The look of silence, il documentario di Joshua Oppenheimer, puntata numero due del viaggio tra vittime e carnefici della dittatura militare indonesiana, passato sugli schermi del festival poche ore dopo l’apertura, è il film che raccoglie i voti più alti dei giornalisti italiani presenti al Lido; mentre i corrispondenti delle più importanti testate straniere assegnano più stellette praticamente a pari merito a Birdman di Alejandro Gonzalez Inarritu, e A Pigen sat on a branch… dello svedese Roy Andersson.

Al terzetto va aggiunto Sivas del turco Kaan Mujdeci, una delle opere prime più convincenti passate a Venezia quest’anno (di esordi vanno segnalati anche due capolavori come Court dell’indiano Chaitanya Tamhane in Orizzonti e The council of birds del tedesco Timm Kroger alla Sic); e soprattutto entrato di prepotenza nel novero all’ultimo minuto quel Red Amnesia, del cinese Wang Xiaoshuai, perfetto meccanismo ad orologeria tra suspense e fantasmi per un’anziana signora perseguitata da telefonate anonime.

Fuori completamente dai giochi non sembrano essere nemmeno Le dernier coup de marteau di Alix Delaporte – difficile che vista la voluta presenza in massa di film francesi in Concorso non arrivino riconoscimenti – e The Postman’s White Nights di Andrej Koncalovskij.

Buona la presenza dei tre film italiani in Concorso (Munzi, Costanzo e Martone), forse non così prepotente per farli finire sul gradino più alto del podio, anche se Il giovane favoloso di Mario Martone sulla vita di Leopardi sembra tra i tre quello più riuscito e che tra un premio alla regia o una coppa Volpi come miglior attore a Elio Germano non dovrebbe tornare a casa a mani vuote.

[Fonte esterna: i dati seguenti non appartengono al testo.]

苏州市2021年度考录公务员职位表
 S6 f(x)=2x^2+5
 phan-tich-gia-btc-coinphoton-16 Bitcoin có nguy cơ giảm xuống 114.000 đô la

In attesa di capire se i giurati hanno apprezzato l’ultimo film a sfondo politico di Andrew Niccol, Good kill, di almeno qualche passione e/o incomprensione sbocciata tra i giurati e i film visti possiamo dire qualcosa. Carlo Verdone, ad esempio, sembra essere rimasto molto infastidito dalla violenza del film Sivas tanto da abbandonare in fretta e furia la sala dopo la proiezione. Il regista palestinese Elia Suleiman è a Venezia con una missione che ha sbandierato da tempi ai quattro venti: far portare a casa il Leone d’Oro a Roy Andersson per A Pigeon Sat on a Branch…, quarto film in oltre 40 anni di carriera per l’autore svedese, per un ritorno carico di humor nero, come di invenzioni e rigore formale.

Sempre che non si voglia celebrare nuovamente Al Pacino con Manglehorn, è ancora molto incerto l’indirizzo per la coppa Volpi al miglior attore maschile. Della contesa fanno parte Viggo Mortensen, protagonista di Loin des hommes; Michael Keaton, assoluto mattatore di Birdman; Willem Dafoe che rifà un Pasolini da vertigini e quell’Elio Germano che ha dato vita, anima e gobba ad un sublime Giacomo Leopardi.

Nel campo delle signore la questione si fa complicata visto che mai come in questo festival tra i film in Concorso non ci sono stati ruoli femminili in primo piano. Insomma se, nonostante le ottime interpretazioni, a contendersi il premio saranno Zhong Lu di Red Amnesia e Alba Rohrwacher per Hungry Hearts, la mancanza di alternative per la scelta sarà l’unico neo di un Concorso mai noioso, ricco di buoni titoli e storie avvincenti.